A reconciliation of differences between the statutory U.S. federal income tax rate of 35% and the Company’s effective tax rate from continuing operations for the years ended December 31, 2016, 2015, and 2014 follows:
 
 
2016
 
2015
 
2014
Federal statutory rate
 
35.0
 %
 
35.0
 %
 
35.0
 %
State taxes, net of federal tax
 
2.7

 
1.7

 
4.1

Nondeductible capitalized transaction costs
 
1.4

 
(16.2
)
 

Nondeductible compensation expense
 
0.5

 

 

Nondeductible (permanent) items
 
1.0

 
(3.0
)
 
0.6

IRC Section 199 manufacturing deduction
 
(3.5
)
 

 

Changes in tax rates
 
1.6

 
(6.2
)
 

Changes related to IRC section 382 limitations
 
(3.9
)
 
55.5

 

Excess windfall benefit of stock compensation
 
(3.7
)
 

 

Other items
 
0.5

 
(0.1
)
 
(2.6
)
Valuation allowance
 

 

 
(267.6
)
Effective tax rate
 
31.6
 %
 
66.7
 %
 
(230.5
)%


For the year ended December 31, 2016, the Company recognized $14.3 million of income tax expense, which included an income tax benefit of $1.7 million as a result of the Company adopting a state tax position related to Internal Revenue Code ("IRC") section 382 limitations on a state net operating loss carry-forward. For the year ended December 31, 2016, the Company's effective tax rate, excluding the state tax position change, was lower than the Company’s federal and state statutory rates primarily due to excess windfall tax benefits of stock compensation deductions and an IRC section 199 manufacturing deduction.

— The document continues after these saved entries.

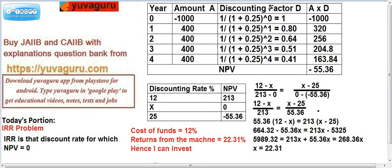Let's solve this with 25% now. Again, in year 0, Rs.1000 is spent, and Rs.400 is received for each of the next 4 years. Now I am solving it with 0.25, raised to 1, 2, 3, and 4 to get the discounting factors. You can check the discounting factor calculation in my NPV video. We multiply the discounting factor by 400 to get the present values, then find the net present value by subtracting the total from 1000. We get minus 55.36.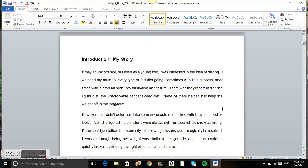Hi guys! This is the first video of a series of short videos that is going to explain how to format your Word document for Kindle.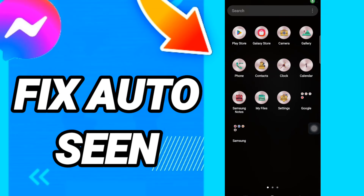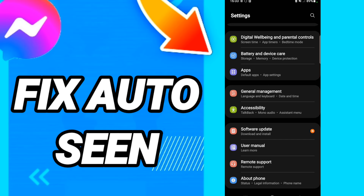Hi everyone, today we want to talk about how to fix Messenger auto seen. To solve this, you should just go to Settings like this and click on it.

For the year ended December 31, 2015, the Company recognized a $9.7 million income tax benefit, which included an income tax benefit of $8.1 million as a result of the Company adopting a tax position related to IRC section 382 limitations on its federal and state net operating loss carryforwards and other built-in losses. IRC section 382 imposes annual limitations on the utilization of net operating loss carry-forwards, other tax carry-forwards and certain built-in losses (collectively, “Tax Attributes”) upon an ownership change as defined under that section. In general terms, an ownership change may result from transactions that increase the aggregate ownership of certain stockholders in the Company’s stock by more than 50 percentage points over a three year testing period. If the Company were to experience an IRC section 382 ownership change, an annual limitation could be imposed on certain Tax Attributes. Upon the Merger, the Company reviewed whether any of its Tax Attributes would be subject to IRC section 382 limitation and from such review, identified a tax position, which involves using a specific identification method, instead of the Company's previous ratable allocation method, to determine the amount of tax-deductible built-in losses subject to IRC section 382 limitations. As a result of adopting this tax position in the fourth quarter of 2015, the Company more likely than not expects to realize additional federal and state net operating loss carry-forwards that were previously limited under the prior method of determining IRC section 382 limitations against its Tax Attributes. The Company did not recognize any material unfavorable adjustments to its Tax Attributes specifically related to the change of control from the Merger on December 1, 2015. For the year ended December 31, 2015, the Company's effective tax rate, excluding the IRC section 382 tax position change, was lower than the Company's federal and state statutory rates primarily due to non-deductible merger-related transaction costs.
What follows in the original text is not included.